And part of it has been the same innovation I've been applying to programing, applying that to revenue.
So how do you think about different ways that you can bring in membership?
How do you think about different ways you can create revenue programs to be able to do all the things that museums doing and in some ways to borrowing from other areas of borrowing from for profit models as much as nonprofit models, thinking about ways like, why do you want to come back to museum?
Let's lean into that.
How do we make more of that?
How do we make the museum be a cool social space that you want to come on a Thursday night, not just once a year?
All those things kind of link together.
So I really apply kind of that same approach to the finance side of it as I do the programing side.
So why do you maybe like to be doing a sculpture in the back room?
You are forced to wear your management hat, you know.
Welcome to Seattle.
Here comes an 11 day strike.
Yes.
You're now a union shop.
It got resolved.
Any lasting implications of that?
Is it long term a good thing, a bad thing?
How do you review it?
It's a good thing, I think, coming in.
I mean, nobody wants to walk into a situation.
And this is one that had been going for a couple of years.
So I kind of inherited it coming in.
But to be able to reach a resolution relatively quickly, but for me it was learning a lot.
I learned a lot about the organization.
I learned about Seattle, I learned about who I have on my team.
I think that's incredibly important.
And through that process, it's surface, some adjacent things.
With the organization that allowed me to take care of those right away, that may have taken a much longer time to deal with retirements and work rules.
And, and, you know, just how we're kind of, you know, approaching labor and we want to support our staff.
And there's also those things that are non compensation.
Like what are those other areas that we can look at.
So in a way it was like in somewhat of kind of I wouldn't want to do it again, but it was a blessing to kind of go through all of that and learn from it.
So we're in a great place going forward.
You know, with the union and look forward to continuing to grow that.
In reading your bio, you you'd been targeting Sam for a long time.
You always wanted to come to Seattle and do this all along with that.
You talk a little bit about the relationship management piece.
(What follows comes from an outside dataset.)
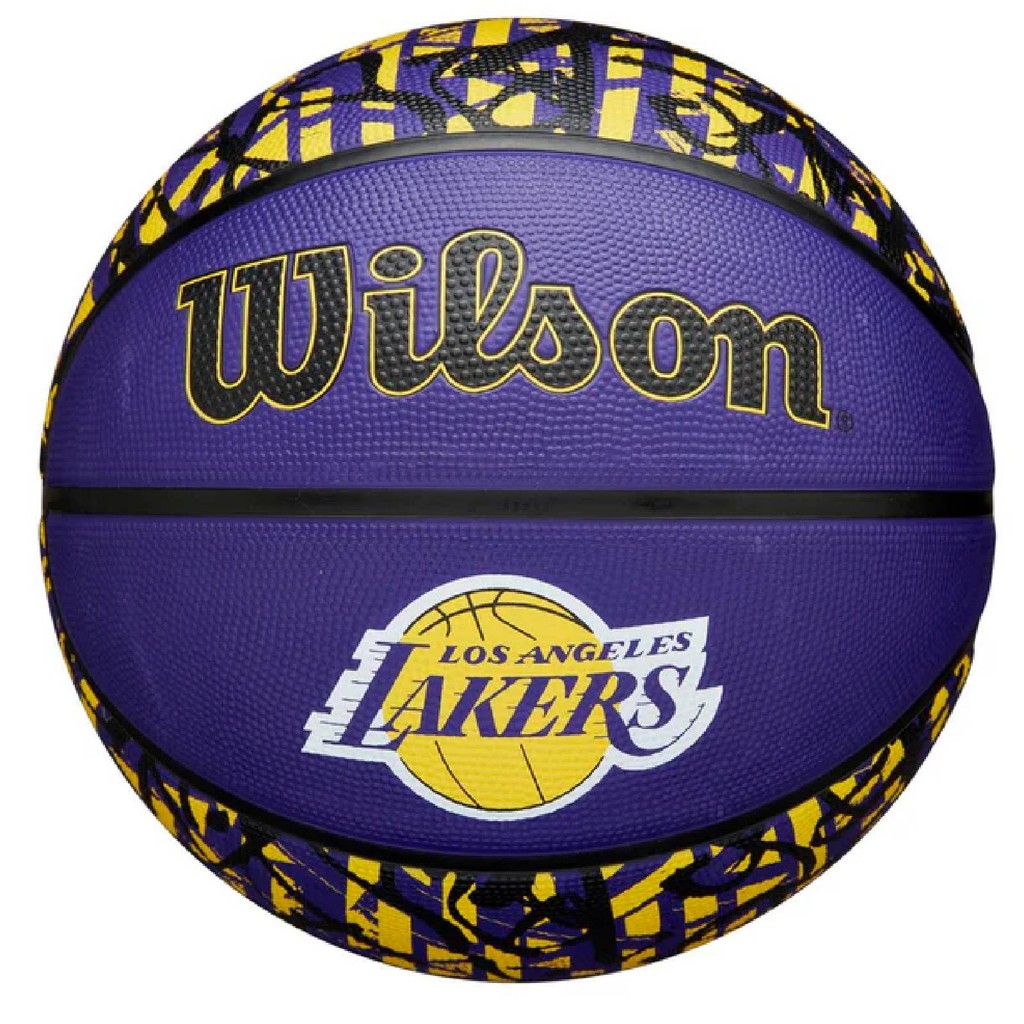 Bola de Basquete Wilson NBA Team Graffiti LA LAKERS #7 em Oferta na Shopee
You manage relationships in Tulsa.
There's some big oil money there.
There are people with money here.
There are billionaires.
Yes.
And they have big art collections.
They do.
And, how are you managing that?
Are you do you feel like you must feel like you're equipped to manage it, but, what's out there?
Are there big collections you're trying to get?
What have you received?
Talk a little bit about your plan when it comes to that much bigger, more global even piece that you're dealing with here?
Yeah.
Well, it's really exciting.
I mean, there's some tremendous supporters here that have been very generous, not only to Sam, but to all sorts of organizations across the region.
There's amazing collections here, some of which have already been, you know, gifted to Sam and some, of course, that we want to nurture in the future.
So I think it's just a blessing to be able to kind of work with, people that are avid collectors that know art, they're passionate about the arts community here.
And I think part of it is like whenever you're dealing with, you know, somebody who's supporting the museum, I get asked often like, is it hard to ask for money for things?
I think it's really easy to do when you believe in what you're doing.
And I truly believe in what we're doing through the museum.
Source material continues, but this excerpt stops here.